The Supreme Court reversed in a 5-4 decision. The majority, composed of conservatives Kennedy, Alito, Thomas, Scalia, and Roberts, sided with the Government, holding that speech by a government employee pursuant to his official duties is not protected by the First Amendment. Since Ceballos's preparation of the memo in question was indisputably pursuant to his official duties, the Court ruled, he had no First Amendment claim as to retaliation for the memo.
Government employee speech claims are generally evaluated using a balancing test: 1) is the speech a matter of public concern? and 2) does the government have an adequate justification for suppressing it? Past holdings say, for instance, that a teacher can't be punished for writing a letter to the editor regarding school funding, because it's a matter of public concern, and the teacher is acting as a citizen.
In Ceballos, the Court created a bright-line rule that says: when the speech is pursuant to an employee's official duties, the balancing test will always be resolved in favor of the employer.
This has terrible implications for academic freedom, as the dissent observes. Speech within the classroom is almost always pursuant to a teacher's official duties (though, as we have seen, not always). If a school can punish a teacher for his views, that feels intuitively like a classic First Amendment violation. Rather than explaining why their bright-line rule makes sense even as applied to teachers, the justices in the majority deal with this problem by suggesting that teachers might be different.
Why are teachers different?
Isn't a prosecutor exposing police misconduct as significant to the public good as a teacher speaking his mind in the classroom?
The opinion has the ironic effect of depriving prosecutors of a First Amendment claim any time that supervisors retaliate against them for exposing police misconduct. Exposing known police misconduct is generally required of prosecutors by Brady v. Maryland, which requires prosecutors to turn over to the defense all exculpatory evidence in the possession of the prosecution or police. Therefore, it is part of their official duties to expose police misconduct — meaning that, when they do so within their office, this is not constitutionally protected speech, and employers can retaliate against them without offending the First Amendment.
I assume that prosecutors will still turn over exculpatory information even though they have no constitutional protection from retaliation from their employers if they do so. It's still obviously morally wrong to withhold exculpatory evidence. You can lose your bar card and your reputation, and potentially face civil and criminal liability. No prosecutor I know would withhold such evidence because they have lost the potential for a First Amendment claim in federal court if they suffer retaliation.

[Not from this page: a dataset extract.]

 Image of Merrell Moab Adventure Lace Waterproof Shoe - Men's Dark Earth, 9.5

Still, one could argue the same about teachers. What teacher worth his salt would fail to speak his mind in class just because he doesn't have a First Amendment claim in federal court if fired?

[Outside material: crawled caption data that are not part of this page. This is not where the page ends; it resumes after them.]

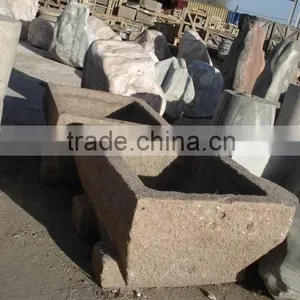 Antique Granite Trough thumbnail-1
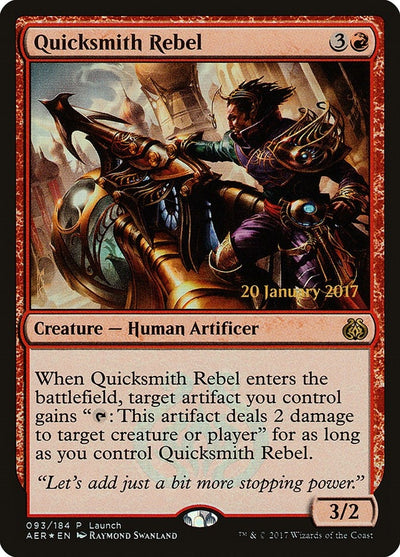 Quicksmith Rebel (93) (LARP)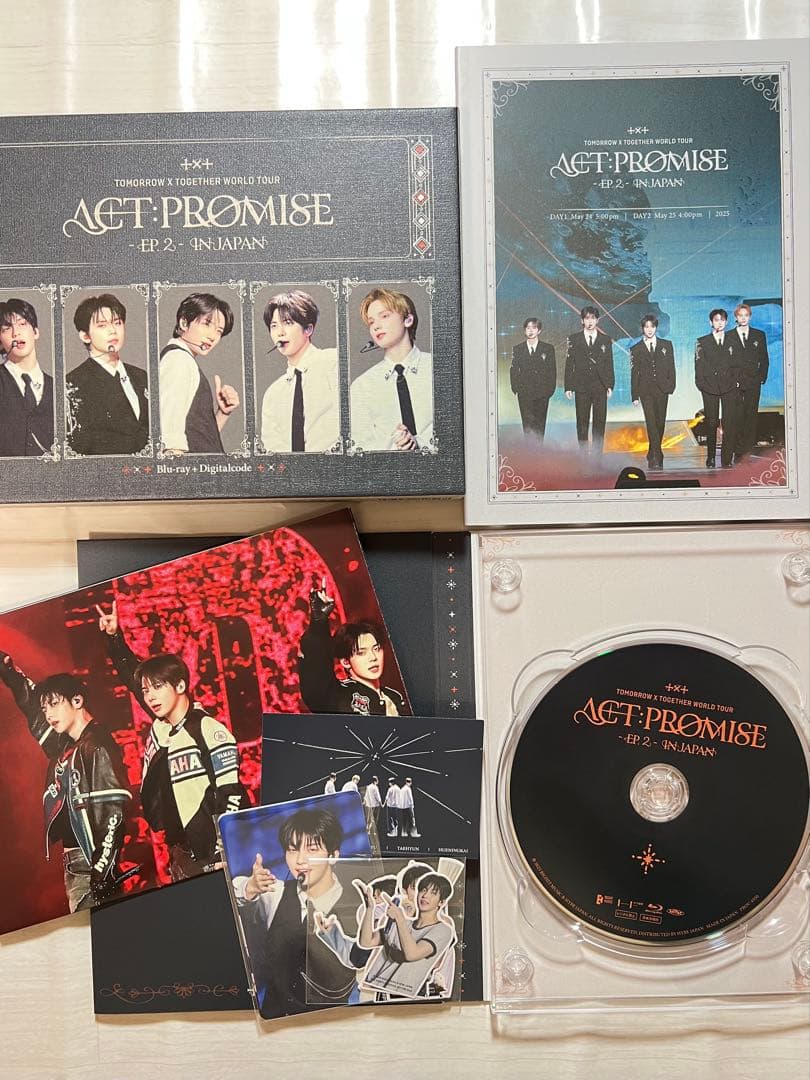 アイドル TXT ACT PROMISE EP2 Blu-Ray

My guess: such teachers exist. The First Amendment should be there to protect them from having to worry about such issues. And when a prosecutor speaks responsibly and truthfully about police misconduct, the First Amendment should protect him as well.
As Jack Balkin says:
[T]he Court has retreated to a vision of employee speech cases where employees are protected only where they are least likely to be in a position to know what they are talking about . . .
After Ceballos, employees who do know what they are talking about will retain First Amendment protection only if they make their complaints publicly without going through internal grievance procedures.
That is not good policy or good constitutional law.
I am disappointed in my favorite conservative justices today.
P.S. This blog post was not written pursuant to my official duties as a prosecutor.